■ What is expected ■
Filter the records for "City" and keep each line that has it.

>>>>>

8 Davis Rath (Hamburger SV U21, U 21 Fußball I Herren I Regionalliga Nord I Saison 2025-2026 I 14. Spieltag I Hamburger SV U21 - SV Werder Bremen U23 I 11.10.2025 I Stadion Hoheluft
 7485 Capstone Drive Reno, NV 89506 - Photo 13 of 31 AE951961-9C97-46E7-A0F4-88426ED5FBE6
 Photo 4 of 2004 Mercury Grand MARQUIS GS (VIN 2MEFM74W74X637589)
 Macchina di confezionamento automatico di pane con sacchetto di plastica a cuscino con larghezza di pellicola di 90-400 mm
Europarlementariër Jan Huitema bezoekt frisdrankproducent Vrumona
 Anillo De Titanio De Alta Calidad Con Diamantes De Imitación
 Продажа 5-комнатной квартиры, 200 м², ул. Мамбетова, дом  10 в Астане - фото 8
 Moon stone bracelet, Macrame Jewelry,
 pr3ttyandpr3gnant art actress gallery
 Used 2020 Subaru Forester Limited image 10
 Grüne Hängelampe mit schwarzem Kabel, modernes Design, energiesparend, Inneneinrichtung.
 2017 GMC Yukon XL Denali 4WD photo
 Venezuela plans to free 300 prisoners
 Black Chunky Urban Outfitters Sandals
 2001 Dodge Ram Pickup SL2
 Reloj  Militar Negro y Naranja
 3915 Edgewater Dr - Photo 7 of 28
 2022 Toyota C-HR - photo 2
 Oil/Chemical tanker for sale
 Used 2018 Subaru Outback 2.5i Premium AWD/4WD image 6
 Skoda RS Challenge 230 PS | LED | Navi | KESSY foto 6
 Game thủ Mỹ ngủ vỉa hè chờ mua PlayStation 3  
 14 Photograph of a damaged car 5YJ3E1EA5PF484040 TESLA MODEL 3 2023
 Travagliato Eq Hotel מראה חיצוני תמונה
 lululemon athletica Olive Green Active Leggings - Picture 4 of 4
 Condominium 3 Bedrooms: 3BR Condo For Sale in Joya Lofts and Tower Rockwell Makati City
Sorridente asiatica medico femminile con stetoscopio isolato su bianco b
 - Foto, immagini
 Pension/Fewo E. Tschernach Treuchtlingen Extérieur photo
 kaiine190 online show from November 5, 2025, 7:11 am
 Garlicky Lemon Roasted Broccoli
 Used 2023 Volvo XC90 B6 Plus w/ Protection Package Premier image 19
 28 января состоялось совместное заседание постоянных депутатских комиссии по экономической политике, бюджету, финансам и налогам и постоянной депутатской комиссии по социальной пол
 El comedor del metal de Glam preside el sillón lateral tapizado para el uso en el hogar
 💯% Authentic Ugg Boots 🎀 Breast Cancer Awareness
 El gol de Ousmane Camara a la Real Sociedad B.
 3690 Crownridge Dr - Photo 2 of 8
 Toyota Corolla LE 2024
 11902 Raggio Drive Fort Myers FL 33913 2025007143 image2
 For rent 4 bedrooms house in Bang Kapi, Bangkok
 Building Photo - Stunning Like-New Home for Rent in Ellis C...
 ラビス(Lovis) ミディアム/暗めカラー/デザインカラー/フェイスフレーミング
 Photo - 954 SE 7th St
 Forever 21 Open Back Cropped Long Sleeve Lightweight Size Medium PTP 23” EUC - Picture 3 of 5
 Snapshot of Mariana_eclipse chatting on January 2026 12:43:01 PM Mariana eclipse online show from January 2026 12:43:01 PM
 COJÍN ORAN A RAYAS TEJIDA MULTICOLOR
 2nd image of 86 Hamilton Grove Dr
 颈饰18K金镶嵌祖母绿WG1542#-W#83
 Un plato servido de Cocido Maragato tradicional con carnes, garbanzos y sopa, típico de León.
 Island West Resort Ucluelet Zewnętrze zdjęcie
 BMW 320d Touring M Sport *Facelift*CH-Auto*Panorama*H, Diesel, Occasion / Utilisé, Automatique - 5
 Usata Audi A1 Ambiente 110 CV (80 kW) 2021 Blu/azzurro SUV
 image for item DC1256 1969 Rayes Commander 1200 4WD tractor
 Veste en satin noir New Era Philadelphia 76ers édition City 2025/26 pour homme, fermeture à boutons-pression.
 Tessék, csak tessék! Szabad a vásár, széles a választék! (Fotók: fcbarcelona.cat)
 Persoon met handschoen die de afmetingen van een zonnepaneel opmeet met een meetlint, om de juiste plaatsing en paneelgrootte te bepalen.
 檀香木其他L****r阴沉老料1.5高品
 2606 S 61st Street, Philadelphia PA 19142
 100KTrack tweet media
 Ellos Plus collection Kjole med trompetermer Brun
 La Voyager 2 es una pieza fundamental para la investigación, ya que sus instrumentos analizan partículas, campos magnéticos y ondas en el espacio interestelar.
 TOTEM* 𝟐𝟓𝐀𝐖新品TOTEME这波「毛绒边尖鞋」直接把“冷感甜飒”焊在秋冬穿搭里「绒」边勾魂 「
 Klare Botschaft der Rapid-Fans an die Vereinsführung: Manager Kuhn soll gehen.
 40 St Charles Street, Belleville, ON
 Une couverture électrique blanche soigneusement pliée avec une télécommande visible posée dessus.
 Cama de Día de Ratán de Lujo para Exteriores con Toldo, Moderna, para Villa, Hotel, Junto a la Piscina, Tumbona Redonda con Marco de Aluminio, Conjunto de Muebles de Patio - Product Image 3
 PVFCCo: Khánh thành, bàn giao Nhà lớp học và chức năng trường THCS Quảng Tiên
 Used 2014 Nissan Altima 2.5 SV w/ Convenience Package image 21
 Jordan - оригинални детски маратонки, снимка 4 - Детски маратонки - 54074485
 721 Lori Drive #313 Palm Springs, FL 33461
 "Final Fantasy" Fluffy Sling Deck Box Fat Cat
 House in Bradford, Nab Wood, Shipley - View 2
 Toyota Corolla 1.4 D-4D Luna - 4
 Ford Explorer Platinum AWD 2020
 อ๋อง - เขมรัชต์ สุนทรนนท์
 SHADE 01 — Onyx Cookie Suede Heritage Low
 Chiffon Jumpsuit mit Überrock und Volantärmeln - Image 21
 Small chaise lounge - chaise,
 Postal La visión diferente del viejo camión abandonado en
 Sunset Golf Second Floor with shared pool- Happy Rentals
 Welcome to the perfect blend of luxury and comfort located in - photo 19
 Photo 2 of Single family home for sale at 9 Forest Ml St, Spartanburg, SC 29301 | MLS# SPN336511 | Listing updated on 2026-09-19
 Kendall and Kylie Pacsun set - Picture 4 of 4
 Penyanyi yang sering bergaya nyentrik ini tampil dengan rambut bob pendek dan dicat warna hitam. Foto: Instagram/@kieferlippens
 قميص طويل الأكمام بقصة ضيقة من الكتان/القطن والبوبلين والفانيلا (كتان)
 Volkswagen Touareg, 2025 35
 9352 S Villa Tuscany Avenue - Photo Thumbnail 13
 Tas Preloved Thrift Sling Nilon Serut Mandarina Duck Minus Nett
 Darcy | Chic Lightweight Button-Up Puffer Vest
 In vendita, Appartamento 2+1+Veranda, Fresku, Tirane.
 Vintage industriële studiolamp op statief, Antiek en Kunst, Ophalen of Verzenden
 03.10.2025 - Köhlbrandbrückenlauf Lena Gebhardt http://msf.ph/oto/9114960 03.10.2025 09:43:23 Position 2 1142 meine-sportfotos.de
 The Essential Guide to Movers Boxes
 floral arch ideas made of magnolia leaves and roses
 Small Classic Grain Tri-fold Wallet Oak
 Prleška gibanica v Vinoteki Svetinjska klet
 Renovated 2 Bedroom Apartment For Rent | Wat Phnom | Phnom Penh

<<<<<

■ Result of the task ■
 Condominium 3 Bedrooms: 3BR Condo For Sale in Joya Lofts and Tower Rockwell Makati City
 Veste en satin noir New Era Philadelphia 76ers édition City 2025/26 pour homme, fermeture à boutons-pression.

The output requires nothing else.